Many of the people I do have online conversations with speak English as their first language. I kinda get by but you native speakers really underestimate how hard it is to express oneself in a foreign language. Concepts work differently, metaphors don't really translate, references you have used for decades don't make sense.
Like in German I am actually somewhat eloquent and texts I write don't look like a person with a head injury wrote them.
(Sparked by some of the comments to my recent article about Cory Doctorow telling me how my writing sucks and is unreadable because of grammar mistakes and typos.)

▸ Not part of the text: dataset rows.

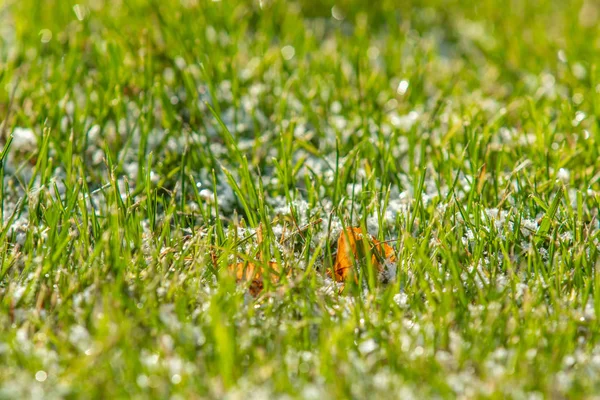 緑の草雪に背景のボケ味がぼやけています — ストック写真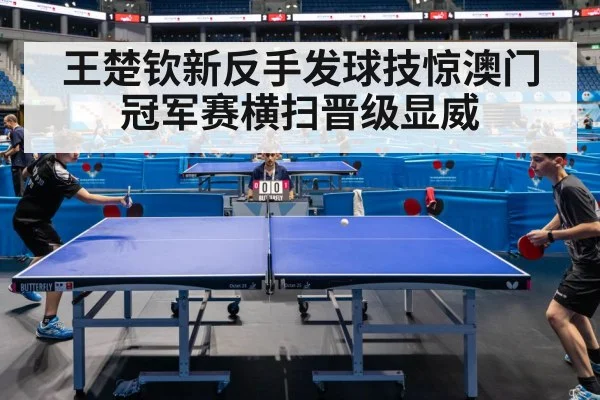 professional table tennis match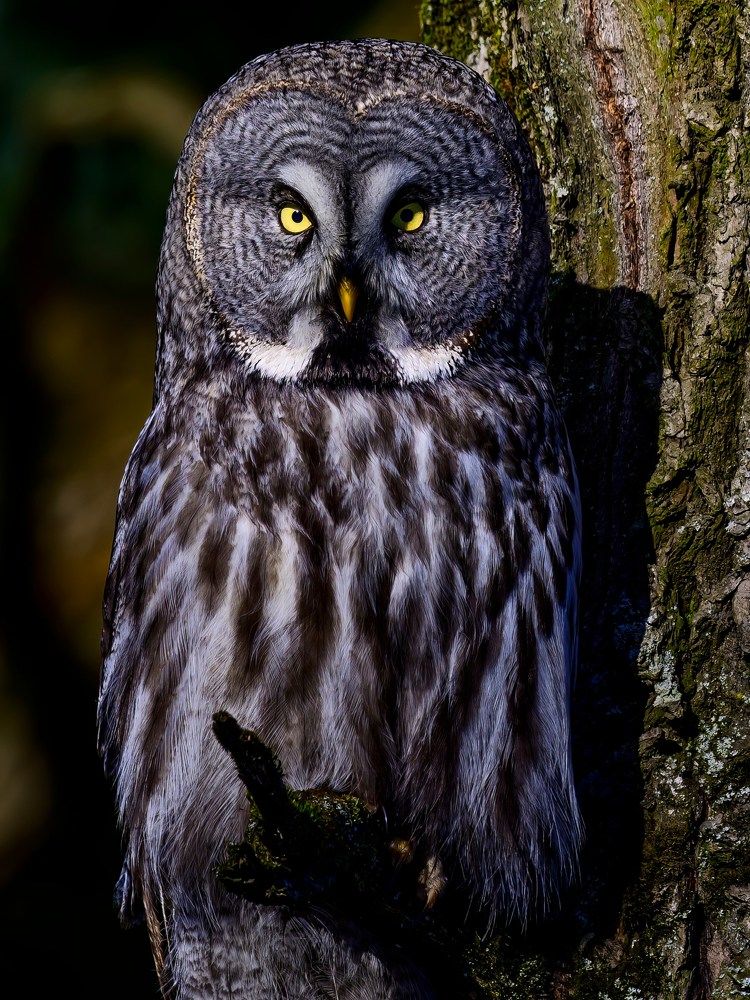 Photograph by Пупонин Сергей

@tante This reminds me of that "semantic ablation" article from last week: https://www.theregister.com/2026/02/16/semantic_ablation_ai_writing/

I prefer real character of actual writing, and there's an extra... energy? tension? in English written by nonnative speakers. It gives a glimpse into alternative ways of slicing concepts that enriches rather than depletes the writing.

Screw the naysayers.

Why AI writing is so generic, boring, and dangerous: Semantic ablation

opinion: The subtractive bias we're ignoring

The Register

@elizayer

Oh, thank you for this. A lot of long words, but I think I got the gist of it.

Non-native English writer/reader here. I have an easier time conversing with other non-natives than natives. As if we are all very careful that we understand each other, spending extra energy to be precise and check that we are on the same page.

As for Tante's writing, Danish and German are structurally close enough that I do not notice the 'Germanification' - the subtle cues left behind.